[Work item] Exactly the lines from the line with "MNB MNG200-12 Аккумуляторная" through the final line of the records below, both ends included, are to be set down. Do not include pictures.

Source records:

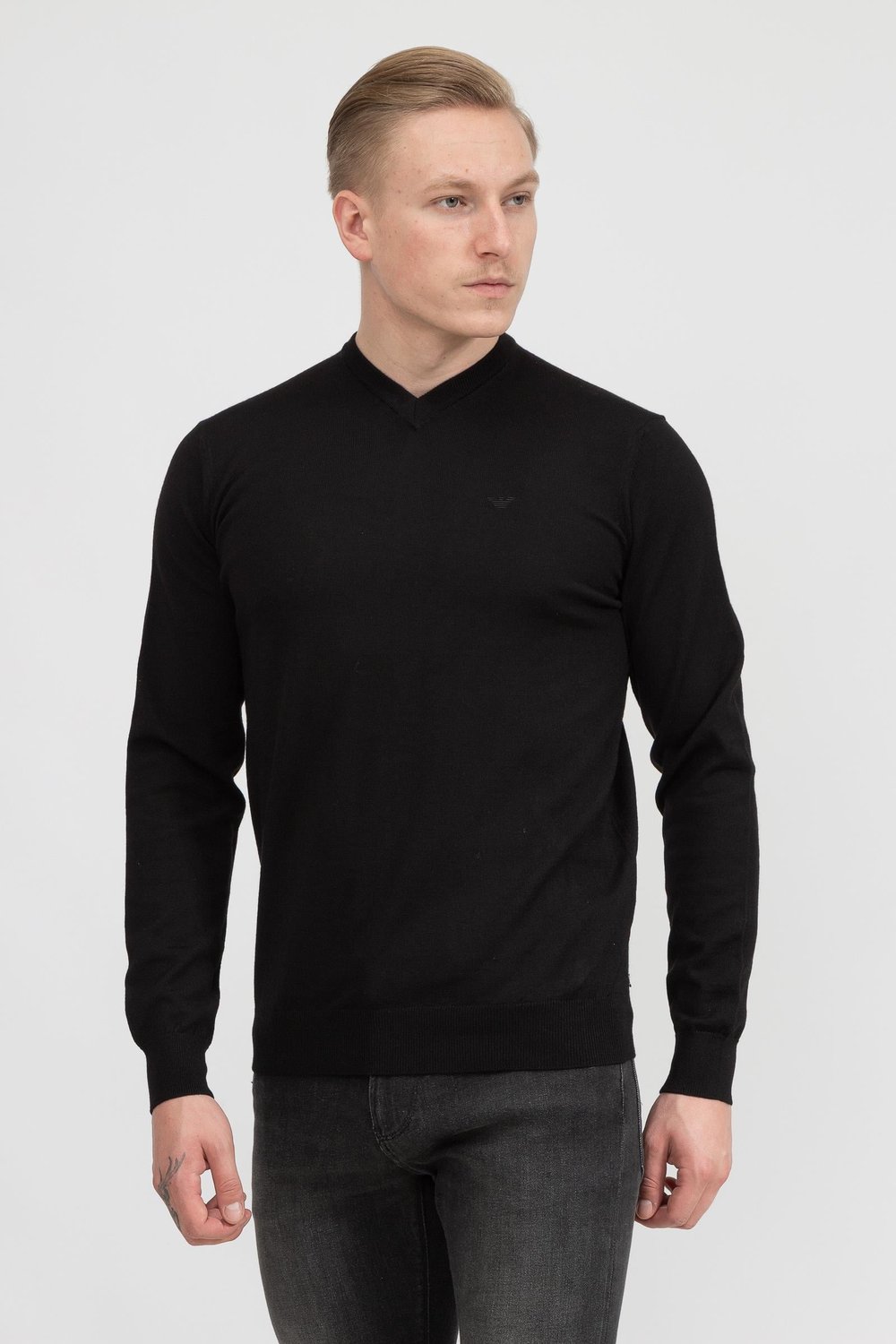 Emporio Armani Erkek Kazak Siyah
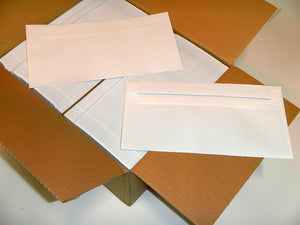 Plain envelopes DLE, box of 500.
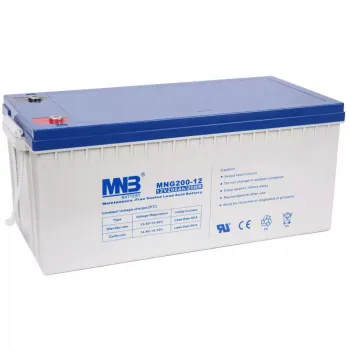 MNB MNG200-12 Аккумуляторная батарея серии MNG  (12 В, 200 Ач, 523х240х219 мм, 62.4 кг) фото 1
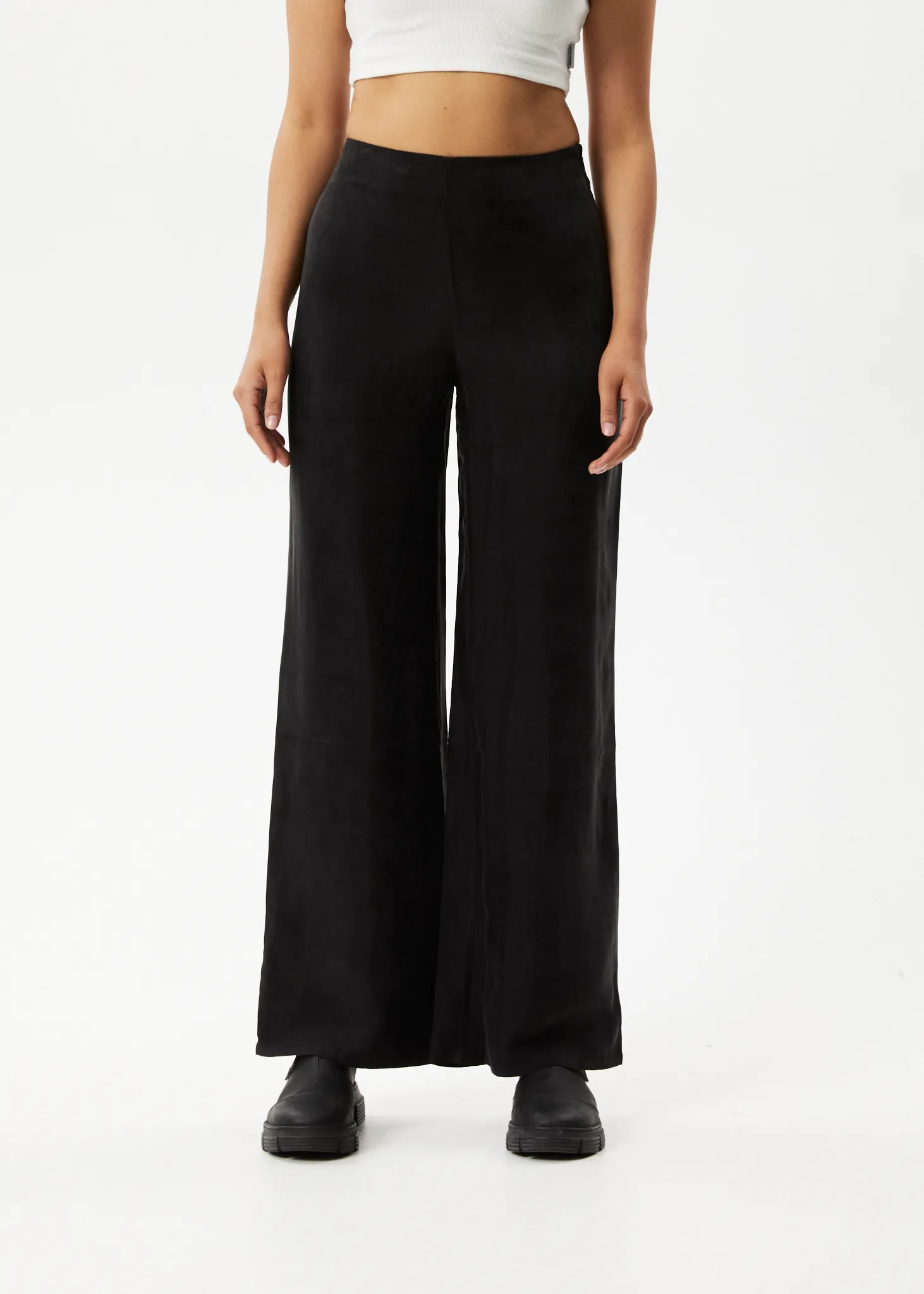 AFENDS Womens Gemma - Cupro Pants - Black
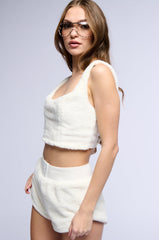 GOT MY FUR ON TANK TOP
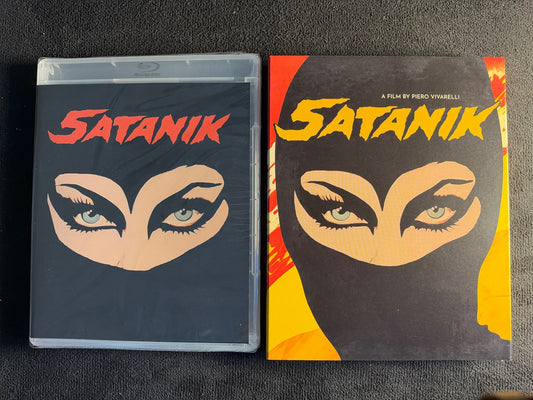 Satanik (Blu-ray, Terror Vision, Slipcover, 60's Classic, NEW/Sealed)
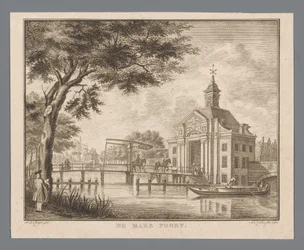 Ansicht des Marepoort in Leiden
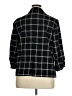 Elle Plaid Black Blazer Size XL - photo 2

[Solution for this problem]
 MNB MNG200-12 Аккумуляторная батарея серии MNG  (12 В, 200 Ач, 523х240х219 мм, 62.4 кг) фото 1
 AFENDS Womens Gemma - Cupro Pants - Black
 GOT MY FUR ON TANK TOP
 Satanik (Blu-ray, Terror Vision, Slipcover, 60's Classic, NEW/Sealed)
 Ansicht des Marepoort in Leiden
 Elle Plaid Black Blazer Size XL - photo 2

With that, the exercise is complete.